„Taxi“ directed by Kerstin Ahlrichs, 2014)
Sich festlegen? Sesshaft werden? Eine Familie gründen? Für die Hamburgerin Alex (Rosalie Thomass) ist das ein Alptraum, dafür liebt sie viel zu sehr ihre Freiheit. Selbst ihre Ausbildung zur Versicherungskauffrau ist der 25-Jährigen zu viel. Und so bricht sie diese kurzerhand ab und heuert stattdessen bei einem Taxiunternehmen an. Da gibt es nicht nur Geld, sie muss sich auch auf niemanden einlassen, schließlich steigen alle Gäste recht bald wieder aus. Womit sie jedoch nicht gerechnet hat, ist dass sie Gefühle für ihren Kollegen Dietrich (Stipe Erceg) entwickelt, sie sich plötzlich doch noch in einer Beziehung wiederfindet. Und dann wäre da noch Marc (Peter Dinklage), der eigentlich nur ein Fahrgast sein sollte, jedoch bald sehr viel mehr wird.

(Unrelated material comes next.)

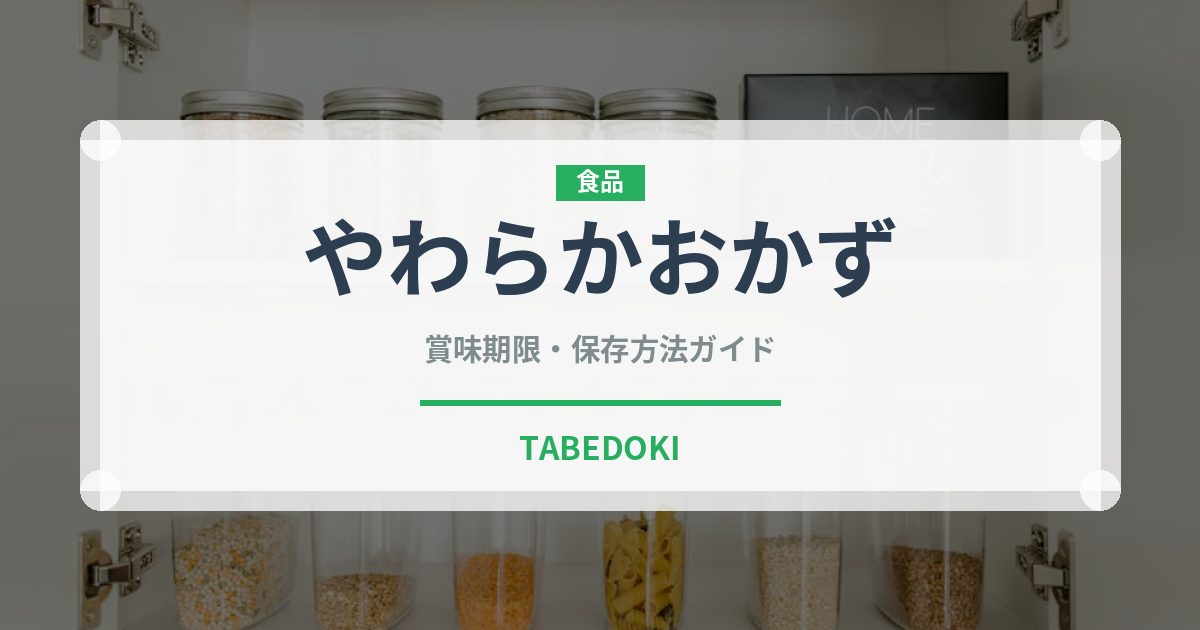 やわらかおかず（介護食）の賞味期限と正しい保存方法｜長持ちさせるコツ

An kaum einem Ort kommen wohl in so kurzer Zeit so viele unterschiedliche Menschen zusammen wie in einem Taxi – Menschen verschiedener Herkunft, Menschen aus verschiedenen gesellschaftlichen Schichten, Menschen mit verschiedenen Persönlichkeiten und Zielen. Ein idealer Schauplatz also, um ein Füllhorn von Geschichten auszuschütten, von tragischen Schicksalen und komischen Situationen zu erzählen. Filmemacher haben dieses Potenzial auch schon mehrfach genutzt, von Jim Jarmusch’ internationalem Episodenfilm Night on Earth bis zu Taxi Teheran kürzlich, wo Jafar Panahi aus der Perspektive eines Taxifahrers einen Einblick in den Iran gab.

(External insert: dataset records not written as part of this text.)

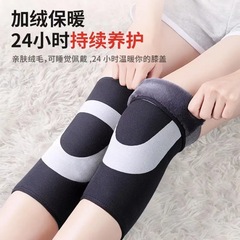 Autumn and winter plus velvet warm knee pads, four-sided stretchable anti-cold thickened knee pads for running and cycling to protect knee joints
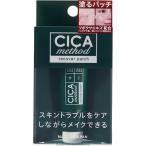 ショッピングcica CICA method　RECOVER　PATCH　15g 爆買 WEEK!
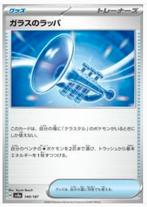 Pokemon - Glass Trumpet (sv8a 140) Japanse kaart, Ophalen of Verzenden, Nieuw, Losse kaart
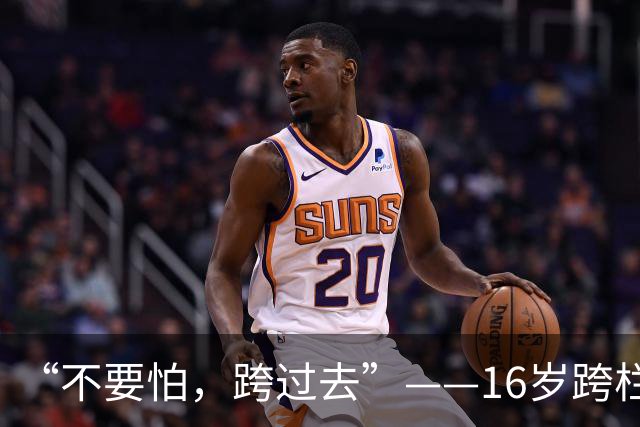 “不要怕，跨过去”——16岁跨栏少女张可依的追风路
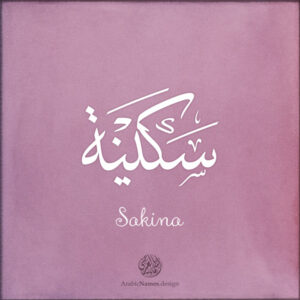 Sakina name with Arabic calligraphy, Thuluth style - تصميم اسم سكينة بالخط العربي ، تصميم بخط الثلث - ابحث عن التصميم الاسماء هنا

Karen Duve, auf deren gleichnamigen Roman Taxi beruht und die hier auch das Drehbuch geschrieben hat, hatte daran jedoch weniger Interesse. Deutlich autobiografisch gefärbt – sie selbst brach eine Ausbildung ab und verdiente ihr Geld als Taxifahrerin in Hamburg – ist Alex nicht der Spiegel von den Geschehnissen um sie herum, sie steht selbst im Brennpunkt. Ihre Unfähigkeit, sich zu binden, ihre Aufmüpfigkeit, aber auch ihre Sorglosigkeit, all das wird von mehreren Seiten aus beleuchtet.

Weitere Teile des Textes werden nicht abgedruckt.